Burlington’s first Integrated Mobility Plan approved by City Council

By Staff

November 15th, 2023

BURLINGTON, ON

 

 

Burlington has created its first Integrated Mobility Plan (IMP) to guide how people and goods move in and through the city for the next 30 years. The Integrated Mobility Plan Final Report was presented and approved by Burlington City Council on Nov. 14 and approved unanimously.

Several delegations spoke at the Community Planning, Regulation & Mobility (CPRM) Committee in support of the IMP on Tuesday, Oct. 31.

The Integrated Mobility Plan

The IMP is a balance of innovative policies, active programs and capital projects that will guide how Burlington builds and operates a sustainable transportation system city-wide.
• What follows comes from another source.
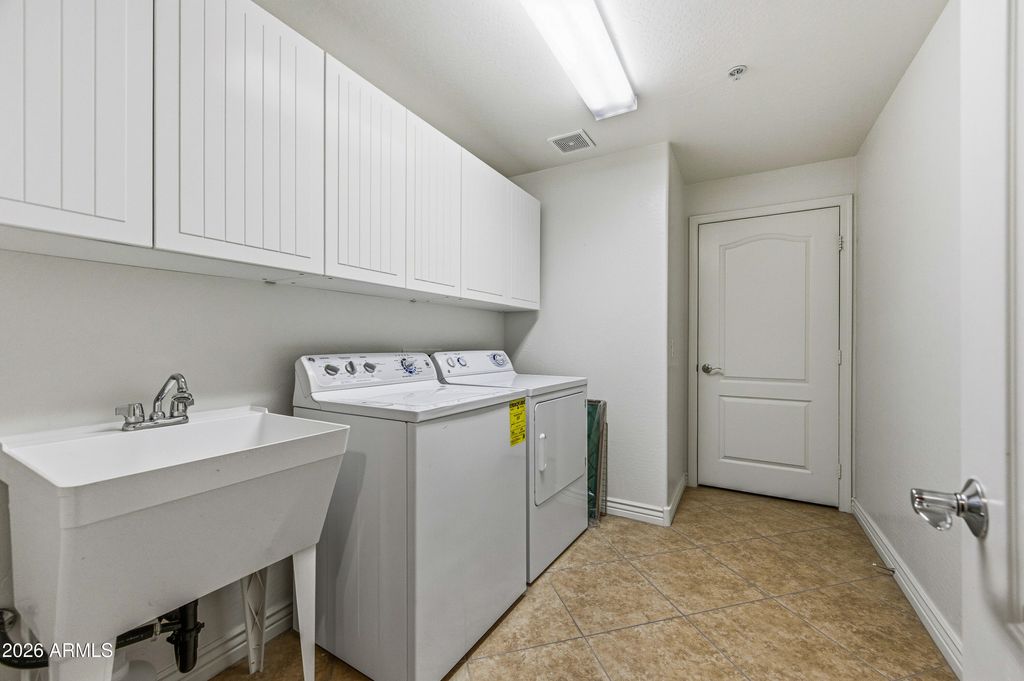 Image 15 of property listing at 21320 N 56TH Street 2047, Phoenix, AZ 85054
Together, these initiatives will make getting around Burlington safe, accessible, sustainable, balanced and liveable.

The plan has three key areas for action:

    1. Implement transportation network improvements through capital planning and budget,
    2. Guide future studies, plans and capital projects to meet the goals of the IMP and
    3. Enhance and develop innovative programs to support the implementation of the plan.
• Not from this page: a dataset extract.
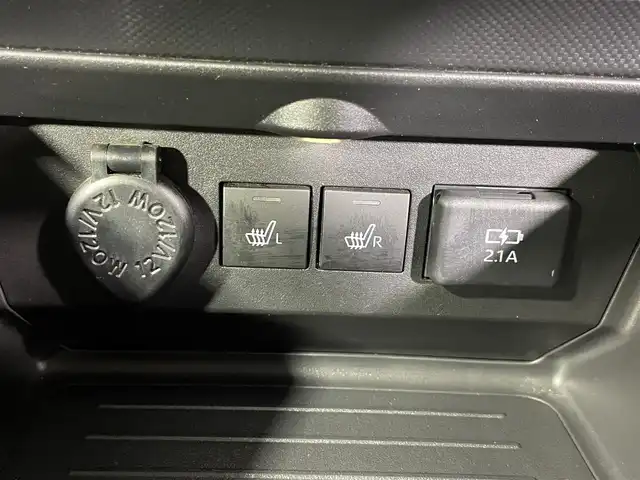 トヨタ ライズ Z 大阪府 2022(令4)年 1.7万km シャイニングホワイトパール 純正ナビ　/ＢＳＭ　/全方位カメラ　/衝突軽減　/ＡＣＣ　/コーナーセンサー　/レーンアシスト　/ドライブレコーダー　/シートヒーター　/ビルトインＥＴＣ　/スペアキー　/ＬＥＤオートライト　/フォグランプ　/スマートキー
Key elements of the integrated network approach include:

    • Only widening streets if it improves walking, cycling, transit or safety.
    • Giving the right-of-way to pedestrians, cyclists, transit users or for safety.
    • Focusing multi-modal corridors, like sidewalks, bike lanes and cut throughs, in growth areas.
    • Developing transit infrastructure to improve bus service and reduce transit delays.
    • Developing high-quality cycling lanes and pathways for cyclists of all ages and abilities.
    • Improving walkability in employment, future growth and rural areas.
    • Create new connections for pedestrians and cyclists across the QEW and rail lines.

The IMP provides the vision for the City’s future transportation network and outlines the policy, programs and capital projects needed to meet long-term mobility goals for the next three decades. Council will set and manage how the plan is implemented through the City’s annual capital and operating budgets, and as part of the Multi-year Community Investment Plan (MCIP).

The IMP will be reviewed and refreshed on a 5-year cycle, incorporating updated population and employment forecasts, refining the strategic transportation demand model, and reporting on actual mode share usage and refining targets, where necessary. The IMP provides valuable guidance and input into the 5-year Transit Business Plan and will complement the transit planning.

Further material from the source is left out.